● WORK ORDER:
I'd like every line in the following listing that holds "Real" copied.

● TASK MATERIAL:
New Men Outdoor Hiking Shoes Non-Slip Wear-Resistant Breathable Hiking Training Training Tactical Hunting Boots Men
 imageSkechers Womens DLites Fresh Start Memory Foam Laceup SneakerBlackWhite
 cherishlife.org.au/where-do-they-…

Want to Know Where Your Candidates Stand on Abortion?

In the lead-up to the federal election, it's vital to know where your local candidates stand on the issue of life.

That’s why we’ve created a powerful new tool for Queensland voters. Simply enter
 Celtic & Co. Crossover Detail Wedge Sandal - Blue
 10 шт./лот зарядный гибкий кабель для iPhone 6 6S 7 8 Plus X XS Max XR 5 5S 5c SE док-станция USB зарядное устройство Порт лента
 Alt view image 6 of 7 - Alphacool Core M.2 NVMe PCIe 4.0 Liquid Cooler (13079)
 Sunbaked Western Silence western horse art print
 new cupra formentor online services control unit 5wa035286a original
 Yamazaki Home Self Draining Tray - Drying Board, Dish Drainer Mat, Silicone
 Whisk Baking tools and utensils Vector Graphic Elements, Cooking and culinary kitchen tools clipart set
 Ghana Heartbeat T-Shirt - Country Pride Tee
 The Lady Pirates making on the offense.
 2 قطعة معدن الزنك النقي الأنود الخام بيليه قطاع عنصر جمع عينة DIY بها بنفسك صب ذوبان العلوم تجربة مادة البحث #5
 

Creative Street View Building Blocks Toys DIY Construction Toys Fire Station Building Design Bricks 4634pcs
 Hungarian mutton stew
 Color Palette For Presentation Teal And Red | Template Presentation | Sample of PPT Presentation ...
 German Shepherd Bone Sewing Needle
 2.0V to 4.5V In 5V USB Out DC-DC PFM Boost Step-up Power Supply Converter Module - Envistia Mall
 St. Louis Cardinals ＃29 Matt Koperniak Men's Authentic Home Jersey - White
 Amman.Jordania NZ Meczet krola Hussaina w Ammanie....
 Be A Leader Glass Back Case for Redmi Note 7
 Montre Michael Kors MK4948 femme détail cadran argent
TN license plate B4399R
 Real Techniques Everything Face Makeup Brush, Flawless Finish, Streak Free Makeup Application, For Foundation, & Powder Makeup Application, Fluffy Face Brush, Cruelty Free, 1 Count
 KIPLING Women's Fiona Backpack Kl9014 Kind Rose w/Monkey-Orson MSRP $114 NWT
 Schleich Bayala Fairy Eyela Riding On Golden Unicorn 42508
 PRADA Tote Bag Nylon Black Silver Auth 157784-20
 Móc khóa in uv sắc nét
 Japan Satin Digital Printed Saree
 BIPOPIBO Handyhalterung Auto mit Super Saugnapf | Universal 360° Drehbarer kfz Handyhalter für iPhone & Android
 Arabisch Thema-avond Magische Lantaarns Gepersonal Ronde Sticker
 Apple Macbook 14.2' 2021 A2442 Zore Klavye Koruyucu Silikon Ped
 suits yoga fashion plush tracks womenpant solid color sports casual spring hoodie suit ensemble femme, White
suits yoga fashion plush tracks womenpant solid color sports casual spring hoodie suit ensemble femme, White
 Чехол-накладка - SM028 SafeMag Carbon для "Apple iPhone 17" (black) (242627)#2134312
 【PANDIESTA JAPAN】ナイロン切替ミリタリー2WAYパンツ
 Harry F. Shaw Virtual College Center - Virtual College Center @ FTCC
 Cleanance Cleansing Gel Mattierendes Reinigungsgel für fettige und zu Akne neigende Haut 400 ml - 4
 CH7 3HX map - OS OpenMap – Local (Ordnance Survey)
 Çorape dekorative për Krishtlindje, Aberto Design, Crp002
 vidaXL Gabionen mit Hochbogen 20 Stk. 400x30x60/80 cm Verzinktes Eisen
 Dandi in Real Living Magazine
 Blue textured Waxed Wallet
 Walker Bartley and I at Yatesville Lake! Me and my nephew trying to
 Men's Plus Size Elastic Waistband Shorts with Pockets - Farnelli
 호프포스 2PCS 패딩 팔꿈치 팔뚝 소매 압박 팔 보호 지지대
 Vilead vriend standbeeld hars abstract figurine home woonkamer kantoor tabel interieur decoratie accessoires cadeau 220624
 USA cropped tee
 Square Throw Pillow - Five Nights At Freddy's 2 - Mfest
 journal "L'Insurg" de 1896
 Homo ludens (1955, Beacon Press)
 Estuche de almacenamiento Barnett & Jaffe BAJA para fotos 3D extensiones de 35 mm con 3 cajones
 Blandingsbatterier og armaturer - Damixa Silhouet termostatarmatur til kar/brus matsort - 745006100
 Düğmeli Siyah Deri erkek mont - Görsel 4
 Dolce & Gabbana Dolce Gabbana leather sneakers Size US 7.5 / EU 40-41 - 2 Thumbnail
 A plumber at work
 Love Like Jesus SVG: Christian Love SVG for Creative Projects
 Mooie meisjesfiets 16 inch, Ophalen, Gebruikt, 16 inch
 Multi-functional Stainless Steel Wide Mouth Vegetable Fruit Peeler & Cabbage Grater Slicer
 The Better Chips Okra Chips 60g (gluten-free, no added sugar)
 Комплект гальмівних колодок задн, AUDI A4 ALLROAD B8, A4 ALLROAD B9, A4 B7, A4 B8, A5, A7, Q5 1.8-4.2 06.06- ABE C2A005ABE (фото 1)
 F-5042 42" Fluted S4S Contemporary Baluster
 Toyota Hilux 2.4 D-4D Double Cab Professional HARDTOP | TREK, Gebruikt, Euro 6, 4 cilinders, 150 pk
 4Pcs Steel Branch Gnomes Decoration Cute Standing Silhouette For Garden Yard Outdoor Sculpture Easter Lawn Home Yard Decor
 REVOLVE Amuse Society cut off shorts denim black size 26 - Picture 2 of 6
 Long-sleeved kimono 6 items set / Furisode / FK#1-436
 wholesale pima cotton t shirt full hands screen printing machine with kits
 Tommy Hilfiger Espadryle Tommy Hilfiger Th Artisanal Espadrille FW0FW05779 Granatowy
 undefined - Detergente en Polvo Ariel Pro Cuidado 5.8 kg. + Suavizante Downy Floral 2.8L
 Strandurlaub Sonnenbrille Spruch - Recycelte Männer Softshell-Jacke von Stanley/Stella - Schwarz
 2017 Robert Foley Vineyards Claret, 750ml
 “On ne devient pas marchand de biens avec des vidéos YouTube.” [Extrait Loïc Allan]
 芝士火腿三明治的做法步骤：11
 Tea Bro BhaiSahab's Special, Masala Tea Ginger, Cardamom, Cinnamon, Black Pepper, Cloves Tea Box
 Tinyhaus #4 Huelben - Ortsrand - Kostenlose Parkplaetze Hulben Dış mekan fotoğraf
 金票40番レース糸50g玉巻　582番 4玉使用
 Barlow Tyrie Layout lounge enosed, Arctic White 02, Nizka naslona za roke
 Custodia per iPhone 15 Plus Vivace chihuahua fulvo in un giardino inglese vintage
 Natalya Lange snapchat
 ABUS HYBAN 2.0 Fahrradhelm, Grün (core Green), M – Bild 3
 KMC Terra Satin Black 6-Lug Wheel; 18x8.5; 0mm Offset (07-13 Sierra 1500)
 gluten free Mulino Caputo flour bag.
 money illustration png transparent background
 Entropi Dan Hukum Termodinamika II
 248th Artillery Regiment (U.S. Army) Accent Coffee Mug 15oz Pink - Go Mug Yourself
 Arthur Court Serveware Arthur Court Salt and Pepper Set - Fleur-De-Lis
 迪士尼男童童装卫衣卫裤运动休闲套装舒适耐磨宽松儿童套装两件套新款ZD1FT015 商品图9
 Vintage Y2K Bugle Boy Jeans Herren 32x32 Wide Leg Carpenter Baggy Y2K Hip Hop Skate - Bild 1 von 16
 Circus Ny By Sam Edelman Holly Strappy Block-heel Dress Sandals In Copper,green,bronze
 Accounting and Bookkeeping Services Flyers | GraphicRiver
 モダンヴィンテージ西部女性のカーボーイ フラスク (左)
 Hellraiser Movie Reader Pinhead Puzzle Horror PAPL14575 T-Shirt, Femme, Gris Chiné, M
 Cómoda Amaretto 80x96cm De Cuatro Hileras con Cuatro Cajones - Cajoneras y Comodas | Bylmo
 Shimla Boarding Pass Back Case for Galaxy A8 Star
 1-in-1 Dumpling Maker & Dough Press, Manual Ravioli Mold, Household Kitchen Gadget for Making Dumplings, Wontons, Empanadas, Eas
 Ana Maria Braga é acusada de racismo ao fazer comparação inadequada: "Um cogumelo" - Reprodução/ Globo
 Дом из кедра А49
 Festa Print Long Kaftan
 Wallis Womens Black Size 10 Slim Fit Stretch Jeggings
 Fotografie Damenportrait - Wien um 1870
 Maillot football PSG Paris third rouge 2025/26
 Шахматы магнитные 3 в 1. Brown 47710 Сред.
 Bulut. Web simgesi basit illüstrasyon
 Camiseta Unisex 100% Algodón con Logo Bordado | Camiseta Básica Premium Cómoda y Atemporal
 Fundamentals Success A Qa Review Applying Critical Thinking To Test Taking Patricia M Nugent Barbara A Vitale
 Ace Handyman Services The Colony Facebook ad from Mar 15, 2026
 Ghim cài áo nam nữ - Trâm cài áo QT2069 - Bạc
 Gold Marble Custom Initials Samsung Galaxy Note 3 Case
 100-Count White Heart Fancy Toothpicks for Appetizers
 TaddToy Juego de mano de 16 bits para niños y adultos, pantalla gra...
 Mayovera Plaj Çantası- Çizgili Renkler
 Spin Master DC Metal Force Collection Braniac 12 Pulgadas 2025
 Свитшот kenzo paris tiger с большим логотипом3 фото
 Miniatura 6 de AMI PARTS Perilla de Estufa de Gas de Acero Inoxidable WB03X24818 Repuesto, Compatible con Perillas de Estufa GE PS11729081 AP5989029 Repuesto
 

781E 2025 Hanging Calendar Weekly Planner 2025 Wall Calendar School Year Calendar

● RESPONSE TO THIS TASK:
 Real Techniques Everything Face Makeup Brush, Flawless Finish, Streak Free Makeup Application, For Foundation, & Powder Makeup Application, Fluffy Face Brush, Cruelty Free, 1 Count
 Dandi in Real Living Magazine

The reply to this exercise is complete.